No announcement yet.
  • Filter
  • Time
  • Show
Clear All
new posts

  • New version of tsegen on SSC

    Thanks to Kit Baum, a new version of tsegen (with Nick Cox) is now available on SSC.

    tsegen is useful for computing descriptive statistics over a rolling window of time using egen row functions. By using a set of time-series variables, tsegen can compute the statistic directly and is orders of magnitude faster than other approaches that require looping over subsets of observations.

    The new version is designed to overcome Stata's limit of 100 unique time-series operators in a command. We became aware of the limit in a recent post by Jean-Marie Meier. See the following post for an example of a rolling average over a window of 1460 days (4 years).

    To update to the new version, type in Stata's command window
    ssc install tsegen, replace

  • #2
    Hi! I have an unbalanced panel. I would like a variable that adds up the last ten years of another variable, by group (though many groups won't have all ten years). Zeros are fine for the missing years. Is there some way to use tsegen for this? Also, is there a way to do this for a whole bunch of consecutive variables at the same time? Thanks!


    • #3
      Is there some way to use tsegen for this?
      Assuming you have annual data (perhaps with gaps) it's
      xtset group year
      tsegen ten_year_total = rowtotal(L(0/9).variable)
      just as it says in the help file.

      You cannot do this for more than one variable at a time, but you can put it in a loop

      foreach v of varlist whatever {
          tsegen `v'_10_yr_total = rowtotal(L(0/9).`v')

      1. Replace whatever by the appropriate combination of variable names and wildcard to cover the variables you want.

      2. The above code will automatically treat missing values as zero.

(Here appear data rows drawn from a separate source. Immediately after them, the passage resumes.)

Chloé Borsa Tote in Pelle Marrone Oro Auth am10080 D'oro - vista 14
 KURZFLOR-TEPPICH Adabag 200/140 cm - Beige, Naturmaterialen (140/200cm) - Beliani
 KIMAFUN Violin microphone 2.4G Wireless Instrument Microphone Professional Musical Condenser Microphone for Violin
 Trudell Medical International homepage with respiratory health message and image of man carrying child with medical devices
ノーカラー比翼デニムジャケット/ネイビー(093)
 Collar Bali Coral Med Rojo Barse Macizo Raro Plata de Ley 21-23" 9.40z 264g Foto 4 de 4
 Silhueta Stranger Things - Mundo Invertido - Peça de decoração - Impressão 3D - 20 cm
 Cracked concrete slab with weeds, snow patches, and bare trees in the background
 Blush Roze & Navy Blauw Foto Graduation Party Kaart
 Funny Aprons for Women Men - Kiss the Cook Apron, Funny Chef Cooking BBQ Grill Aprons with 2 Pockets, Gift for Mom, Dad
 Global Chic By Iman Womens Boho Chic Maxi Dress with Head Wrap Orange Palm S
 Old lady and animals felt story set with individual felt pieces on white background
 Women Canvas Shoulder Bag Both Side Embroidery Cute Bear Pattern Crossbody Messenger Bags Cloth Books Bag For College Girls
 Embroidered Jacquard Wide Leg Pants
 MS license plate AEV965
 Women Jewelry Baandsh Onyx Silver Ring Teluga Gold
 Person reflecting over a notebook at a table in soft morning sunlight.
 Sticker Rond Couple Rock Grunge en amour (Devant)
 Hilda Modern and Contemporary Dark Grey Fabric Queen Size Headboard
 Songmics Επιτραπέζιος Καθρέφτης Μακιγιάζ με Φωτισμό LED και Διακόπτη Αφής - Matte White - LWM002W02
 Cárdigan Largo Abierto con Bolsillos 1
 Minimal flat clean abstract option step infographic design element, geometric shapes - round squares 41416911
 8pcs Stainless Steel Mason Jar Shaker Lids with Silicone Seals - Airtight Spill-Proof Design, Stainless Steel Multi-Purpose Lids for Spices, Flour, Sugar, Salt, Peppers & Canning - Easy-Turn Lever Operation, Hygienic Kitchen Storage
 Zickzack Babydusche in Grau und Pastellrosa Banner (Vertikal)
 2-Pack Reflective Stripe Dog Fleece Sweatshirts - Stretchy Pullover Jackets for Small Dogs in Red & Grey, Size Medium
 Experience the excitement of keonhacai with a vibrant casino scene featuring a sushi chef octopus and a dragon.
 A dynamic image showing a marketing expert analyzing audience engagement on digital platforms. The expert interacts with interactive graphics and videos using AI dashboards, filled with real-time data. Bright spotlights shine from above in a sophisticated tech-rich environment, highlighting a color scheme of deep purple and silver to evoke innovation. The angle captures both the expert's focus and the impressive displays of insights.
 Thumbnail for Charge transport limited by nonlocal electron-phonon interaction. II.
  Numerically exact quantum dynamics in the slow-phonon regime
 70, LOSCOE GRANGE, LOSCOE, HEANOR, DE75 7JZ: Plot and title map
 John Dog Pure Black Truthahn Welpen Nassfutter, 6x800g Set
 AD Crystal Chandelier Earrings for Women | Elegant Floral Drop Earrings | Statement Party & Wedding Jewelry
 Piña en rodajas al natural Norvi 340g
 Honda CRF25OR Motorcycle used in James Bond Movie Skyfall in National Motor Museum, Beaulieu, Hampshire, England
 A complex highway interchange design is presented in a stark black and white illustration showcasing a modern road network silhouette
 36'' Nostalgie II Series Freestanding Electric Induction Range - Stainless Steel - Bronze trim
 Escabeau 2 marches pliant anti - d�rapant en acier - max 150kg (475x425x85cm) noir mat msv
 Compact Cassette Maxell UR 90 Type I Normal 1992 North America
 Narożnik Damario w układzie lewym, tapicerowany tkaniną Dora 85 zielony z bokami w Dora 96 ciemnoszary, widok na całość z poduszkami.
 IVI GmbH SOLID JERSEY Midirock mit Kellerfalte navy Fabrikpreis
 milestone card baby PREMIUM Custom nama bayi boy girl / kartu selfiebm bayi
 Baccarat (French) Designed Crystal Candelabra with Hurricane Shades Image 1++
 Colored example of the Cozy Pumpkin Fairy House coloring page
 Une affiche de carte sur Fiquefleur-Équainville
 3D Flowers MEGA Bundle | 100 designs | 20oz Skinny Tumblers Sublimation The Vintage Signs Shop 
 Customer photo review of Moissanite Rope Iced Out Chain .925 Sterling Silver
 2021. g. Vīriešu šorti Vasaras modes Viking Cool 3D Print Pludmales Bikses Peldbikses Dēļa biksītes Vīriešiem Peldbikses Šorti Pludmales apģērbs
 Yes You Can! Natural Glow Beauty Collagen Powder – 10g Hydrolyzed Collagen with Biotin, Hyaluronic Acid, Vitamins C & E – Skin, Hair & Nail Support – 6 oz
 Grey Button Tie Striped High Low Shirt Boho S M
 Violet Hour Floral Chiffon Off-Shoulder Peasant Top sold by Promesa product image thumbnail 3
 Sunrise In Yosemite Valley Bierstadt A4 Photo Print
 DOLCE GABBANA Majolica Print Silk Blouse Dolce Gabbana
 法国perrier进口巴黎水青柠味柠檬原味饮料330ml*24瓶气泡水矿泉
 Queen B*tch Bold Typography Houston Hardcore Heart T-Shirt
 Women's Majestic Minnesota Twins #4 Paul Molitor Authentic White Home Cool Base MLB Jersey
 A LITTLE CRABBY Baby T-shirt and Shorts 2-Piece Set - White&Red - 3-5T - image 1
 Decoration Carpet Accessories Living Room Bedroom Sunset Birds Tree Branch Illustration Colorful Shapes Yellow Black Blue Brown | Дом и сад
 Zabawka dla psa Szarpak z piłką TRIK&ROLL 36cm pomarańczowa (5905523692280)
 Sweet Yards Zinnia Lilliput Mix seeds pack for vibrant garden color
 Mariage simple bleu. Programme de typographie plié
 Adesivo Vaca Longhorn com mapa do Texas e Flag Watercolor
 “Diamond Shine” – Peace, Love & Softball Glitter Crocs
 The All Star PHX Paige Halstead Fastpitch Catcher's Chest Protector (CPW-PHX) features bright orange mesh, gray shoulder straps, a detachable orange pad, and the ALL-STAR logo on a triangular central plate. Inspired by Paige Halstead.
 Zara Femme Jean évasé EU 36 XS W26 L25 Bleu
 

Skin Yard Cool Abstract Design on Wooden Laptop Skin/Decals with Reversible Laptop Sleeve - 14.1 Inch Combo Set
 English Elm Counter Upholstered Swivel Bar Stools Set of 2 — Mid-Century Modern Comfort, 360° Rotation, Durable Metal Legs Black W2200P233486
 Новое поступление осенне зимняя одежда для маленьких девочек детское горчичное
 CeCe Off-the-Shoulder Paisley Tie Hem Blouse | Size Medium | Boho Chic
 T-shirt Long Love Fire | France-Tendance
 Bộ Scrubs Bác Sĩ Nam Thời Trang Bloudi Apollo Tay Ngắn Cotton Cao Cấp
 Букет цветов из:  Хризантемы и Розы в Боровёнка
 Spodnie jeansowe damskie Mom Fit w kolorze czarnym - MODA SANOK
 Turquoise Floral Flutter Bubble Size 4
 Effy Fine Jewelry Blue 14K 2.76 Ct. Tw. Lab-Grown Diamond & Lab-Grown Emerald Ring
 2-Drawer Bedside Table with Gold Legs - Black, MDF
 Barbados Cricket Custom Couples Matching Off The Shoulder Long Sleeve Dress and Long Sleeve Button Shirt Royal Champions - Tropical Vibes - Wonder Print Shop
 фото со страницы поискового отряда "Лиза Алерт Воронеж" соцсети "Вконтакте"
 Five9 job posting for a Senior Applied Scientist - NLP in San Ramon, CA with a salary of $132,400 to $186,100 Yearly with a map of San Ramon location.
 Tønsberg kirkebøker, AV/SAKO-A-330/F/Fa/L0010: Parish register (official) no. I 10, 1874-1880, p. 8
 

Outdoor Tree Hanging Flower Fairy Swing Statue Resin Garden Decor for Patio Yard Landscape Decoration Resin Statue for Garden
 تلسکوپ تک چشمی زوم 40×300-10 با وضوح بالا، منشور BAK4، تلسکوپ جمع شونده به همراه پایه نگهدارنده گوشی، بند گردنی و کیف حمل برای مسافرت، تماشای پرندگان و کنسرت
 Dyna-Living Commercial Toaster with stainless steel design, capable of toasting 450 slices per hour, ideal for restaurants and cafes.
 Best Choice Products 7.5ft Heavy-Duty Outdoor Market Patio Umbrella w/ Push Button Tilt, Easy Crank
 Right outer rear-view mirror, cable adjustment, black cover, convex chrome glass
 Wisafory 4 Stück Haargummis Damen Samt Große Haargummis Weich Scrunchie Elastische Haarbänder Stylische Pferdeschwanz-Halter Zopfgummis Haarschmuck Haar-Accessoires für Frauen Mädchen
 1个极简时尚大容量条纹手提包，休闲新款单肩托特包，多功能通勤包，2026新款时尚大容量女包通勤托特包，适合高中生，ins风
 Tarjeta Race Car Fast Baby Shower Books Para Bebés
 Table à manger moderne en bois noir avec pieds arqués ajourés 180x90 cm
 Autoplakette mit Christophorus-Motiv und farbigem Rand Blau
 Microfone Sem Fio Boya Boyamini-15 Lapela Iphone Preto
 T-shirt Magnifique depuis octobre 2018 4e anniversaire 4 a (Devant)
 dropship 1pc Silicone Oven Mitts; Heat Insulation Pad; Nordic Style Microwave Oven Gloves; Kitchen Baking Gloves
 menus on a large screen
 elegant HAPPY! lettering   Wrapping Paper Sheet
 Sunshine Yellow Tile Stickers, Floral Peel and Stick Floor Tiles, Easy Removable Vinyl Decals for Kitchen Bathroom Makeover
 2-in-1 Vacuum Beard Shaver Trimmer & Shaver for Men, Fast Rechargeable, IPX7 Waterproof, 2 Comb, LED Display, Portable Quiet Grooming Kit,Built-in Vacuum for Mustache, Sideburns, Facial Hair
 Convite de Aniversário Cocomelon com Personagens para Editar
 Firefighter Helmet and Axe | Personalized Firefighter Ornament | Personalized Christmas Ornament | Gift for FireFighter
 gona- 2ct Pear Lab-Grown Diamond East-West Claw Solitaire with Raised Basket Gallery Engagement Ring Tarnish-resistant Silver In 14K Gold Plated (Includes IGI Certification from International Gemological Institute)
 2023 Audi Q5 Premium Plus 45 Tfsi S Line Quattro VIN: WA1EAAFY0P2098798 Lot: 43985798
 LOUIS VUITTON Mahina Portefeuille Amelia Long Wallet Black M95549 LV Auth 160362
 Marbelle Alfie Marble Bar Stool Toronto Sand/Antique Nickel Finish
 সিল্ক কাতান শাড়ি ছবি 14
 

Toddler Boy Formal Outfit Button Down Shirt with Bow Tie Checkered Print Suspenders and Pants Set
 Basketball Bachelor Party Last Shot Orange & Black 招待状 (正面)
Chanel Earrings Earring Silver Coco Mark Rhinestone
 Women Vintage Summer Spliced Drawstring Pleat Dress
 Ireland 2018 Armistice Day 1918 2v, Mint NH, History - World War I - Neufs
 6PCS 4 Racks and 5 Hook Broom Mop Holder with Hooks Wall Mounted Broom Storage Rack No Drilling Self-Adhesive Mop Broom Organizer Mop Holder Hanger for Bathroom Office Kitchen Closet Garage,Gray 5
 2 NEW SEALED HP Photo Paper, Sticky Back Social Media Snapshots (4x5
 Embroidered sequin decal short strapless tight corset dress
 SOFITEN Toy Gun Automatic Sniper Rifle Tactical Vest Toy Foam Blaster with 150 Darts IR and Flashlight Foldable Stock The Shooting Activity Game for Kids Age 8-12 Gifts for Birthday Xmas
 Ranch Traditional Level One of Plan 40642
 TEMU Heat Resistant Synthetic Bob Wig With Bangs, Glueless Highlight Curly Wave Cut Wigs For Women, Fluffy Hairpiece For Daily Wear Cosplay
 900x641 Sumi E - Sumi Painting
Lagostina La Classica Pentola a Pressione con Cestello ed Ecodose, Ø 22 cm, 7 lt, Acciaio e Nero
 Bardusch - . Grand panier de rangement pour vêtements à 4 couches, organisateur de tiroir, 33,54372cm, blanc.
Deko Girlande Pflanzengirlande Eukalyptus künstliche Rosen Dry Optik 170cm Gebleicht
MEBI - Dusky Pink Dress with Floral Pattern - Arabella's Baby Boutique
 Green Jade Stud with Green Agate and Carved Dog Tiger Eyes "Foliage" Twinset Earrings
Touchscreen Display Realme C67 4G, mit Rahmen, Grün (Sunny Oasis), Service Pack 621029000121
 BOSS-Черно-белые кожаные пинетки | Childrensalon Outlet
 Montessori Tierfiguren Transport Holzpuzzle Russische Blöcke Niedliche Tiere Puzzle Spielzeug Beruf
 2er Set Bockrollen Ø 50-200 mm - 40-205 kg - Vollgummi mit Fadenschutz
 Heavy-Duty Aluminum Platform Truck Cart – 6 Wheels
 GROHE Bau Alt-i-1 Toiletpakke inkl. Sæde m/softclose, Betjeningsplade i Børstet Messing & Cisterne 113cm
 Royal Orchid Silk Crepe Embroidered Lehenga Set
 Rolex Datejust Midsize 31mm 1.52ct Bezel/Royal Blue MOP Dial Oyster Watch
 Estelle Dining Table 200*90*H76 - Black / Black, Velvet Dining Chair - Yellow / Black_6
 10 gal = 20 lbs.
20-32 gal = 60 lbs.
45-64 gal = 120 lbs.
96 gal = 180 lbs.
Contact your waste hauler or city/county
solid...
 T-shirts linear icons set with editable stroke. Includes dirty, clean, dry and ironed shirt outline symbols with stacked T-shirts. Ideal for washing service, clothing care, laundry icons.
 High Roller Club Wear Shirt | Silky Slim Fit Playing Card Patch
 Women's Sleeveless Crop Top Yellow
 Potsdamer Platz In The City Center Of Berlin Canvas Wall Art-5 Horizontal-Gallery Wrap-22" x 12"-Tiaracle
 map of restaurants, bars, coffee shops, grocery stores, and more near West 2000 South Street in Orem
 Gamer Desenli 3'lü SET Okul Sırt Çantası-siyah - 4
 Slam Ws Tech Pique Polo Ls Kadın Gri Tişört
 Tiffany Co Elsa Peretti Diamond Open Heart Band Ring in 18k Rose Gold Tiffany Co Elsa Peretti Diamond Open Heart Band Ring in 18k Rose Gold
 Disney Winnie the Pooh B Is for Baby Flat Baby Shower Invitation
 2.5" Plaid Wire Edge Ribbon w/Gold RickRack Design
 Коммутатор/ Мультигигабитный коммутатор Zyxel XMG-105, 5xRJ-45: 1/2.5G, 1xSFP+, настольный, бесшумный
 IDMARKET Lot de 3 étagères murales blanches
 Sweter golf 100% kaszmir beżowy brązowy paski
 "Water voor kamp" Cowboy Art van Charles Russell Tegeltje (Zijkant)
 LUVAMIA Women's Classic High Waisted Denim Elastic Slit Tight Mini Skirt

      3. Also, this code assumes "last ten years" means the current year and the 9 preceding ones. If you mean the ten preceding years, just change L(0/9) to L(1/10) throughout.


      • #4
        Clyde, you are my hero. I have been pulling my hair out over this for two weeks. I had tried two different loop functions, but the dataset is so big that it just ran forever (in fact my work computer is still running it, on its third day). The tsegen formula you gave me above did it almost instantly. You have no idea how grateful I am. -Melissa


        • #5
          I note that the help for tsegen doesn't spell out that it can be repeated in a loop when the same calculation is to be applied to several variables.

          That's a difficult call; many help files could be extended to document how a program could be used in conjunction with others.


          • #6
            Dear all,

            I am trying to use the function as suggested above but am unfortunately running into the following errors. I want to calculate the moving average for a given month, as the average of the 12 previous months (assuming there are at least 6 non-missing values)

            . xtset cusip
            varlist: cusip: string variable not allowed

            . tsegen movingaverage = rowtotal(L(1/10).ret, 6)
            time variable not set

            Would anyone have an idea how to fix this? Have been stuck on this for a while, so would be very grateful for any help!

            Many thanks and best regards,


            • #7
              I should clarify that I want to do this for each cusip, which is an company identifier.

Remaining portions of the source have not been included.